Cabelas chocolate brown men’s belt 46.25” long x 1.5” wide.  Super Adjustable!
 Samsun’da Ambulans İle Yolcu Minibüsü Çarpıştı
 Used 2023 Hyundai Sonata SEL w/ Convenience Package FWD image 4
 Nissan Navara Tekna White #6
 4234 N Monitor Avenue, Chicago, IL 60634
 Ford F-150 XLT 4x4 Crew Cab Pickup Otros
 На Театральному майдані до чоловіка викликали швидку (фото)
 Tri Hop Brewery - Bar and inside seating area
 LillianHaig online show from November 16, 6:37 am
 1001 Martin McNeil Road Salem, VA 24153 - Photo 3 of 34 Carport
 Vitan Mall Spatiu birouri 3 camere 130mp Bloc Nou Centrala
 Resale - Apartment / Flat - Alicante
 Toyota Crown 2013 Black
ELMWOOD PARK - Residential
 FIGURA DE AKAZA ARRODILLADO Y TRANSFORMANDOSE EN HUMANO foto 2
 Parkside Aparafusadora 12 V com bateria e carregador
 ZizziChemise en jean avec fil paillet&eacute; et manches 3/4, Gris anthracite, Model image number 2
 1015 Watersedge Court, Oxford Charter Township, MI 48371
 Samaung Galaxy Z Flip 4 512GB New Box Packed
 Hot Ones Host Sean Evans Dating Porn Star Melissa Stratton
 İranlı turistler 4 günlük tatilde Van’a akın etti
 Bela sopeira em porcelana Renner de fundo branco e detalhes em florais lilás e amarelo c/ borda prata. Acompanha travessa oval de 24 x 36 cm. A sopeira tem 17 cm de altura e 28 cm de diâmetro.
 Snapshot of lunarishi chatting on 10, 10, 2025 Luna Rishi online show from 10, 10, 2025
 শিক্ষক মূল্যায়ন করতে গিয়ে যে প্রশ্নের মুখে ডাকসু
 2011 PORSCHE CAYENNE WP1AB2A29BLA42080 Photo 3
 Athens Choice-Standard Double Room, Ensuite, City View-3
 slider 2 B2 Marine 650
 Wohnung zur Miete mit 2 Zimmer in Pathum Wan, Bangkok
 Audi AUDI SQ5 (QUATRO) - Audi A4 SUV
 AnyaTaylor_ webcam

______

→ **TASK REQUIREMENTS**
Reproduce every record, making sure each one stays exactly the same.

→ **THE ANSWER**
Cabelas chocolate brown men’s belt 46.25” long x 1.5” wide.  Super Adjustable!
 Samsun’da Ambulans İle Yolcu Minibüsü Çarpıştı
 Used 2023 Hyundai Sonata SEL w/ Convenience Package FWD image 4
 Nissan Navara Tekna White #6
 4234 N Monitor Avenue, Chicago, IL 60634
 Ford F-150 XLT 4x4 Crew Cab Pickup Otros
 На Театральному майдані до чоловіка викликали швидку (фото)
 Tri Hop Brewery - Bar and inside seating area
 LillianHaig online show from November 16, 6:37 am
 1001 Martin McNeil Road Salem, VA 24153 - Photo 3 of 34 Carport
 Vitan Mall Spatiu birouri 3 camere 130mp Bloc Nou Centrala
 Resale - Apartment / Flat - Alicante
 Toyota Crown 2013 Black
ELMWOOD PARK - Residential
 FIGURA DE AKAZA ARRODILLADO Y TRANSFORMANDOSE EN HUMANO foto 2
 Parkside Aparafusadora 12 V com bateria e carregador
 ZizziChemise en jean avec fil paillet&eacute; et manches 3/4, Gris anthracite, Model image number 2
 1015 Watersedge Court, Oxford Charter Township, MI 48371
 Samaung Galaxy Z Flip 4 512GB New Box Packed
 Hot Ones Host Sean Evans Dating Porn Star Melissa Stratton
 İranlı turistler 4 günlük tatilde Van’a akın etti
 Bela sopeira em porcelana Renner de fundo branco e detalhes em florais lilás e amarelo c/ borda prata. Acompanha travessa oval de 24 x 36 cm. A sopeira tem 17 cm de altura e 28 cm de diâmetro.
 Snapshot of lunarishi chatting on 10, 10, 2025 Luna Rishi online show from 10, 10, 2025
 শিক্ষক মূল্যায়ন করতে গিয়ে যে প্রশ্নের মুখে ডাকসু
 2011 PORSCHE CAYENNE WP1AB2A29BLA42080 Photo 3
 Athens Choice-Standard Double Room, Ensuite, City View-3
 slider 2 B2 Marine 650
 Wohnung zur Miete mit 2 Zimmer in Pathum Wan, Bangkok
 Audi AUDI SQ5 (QUATRO) - Audi A4 SUV
 AnyaTaylor_ webcam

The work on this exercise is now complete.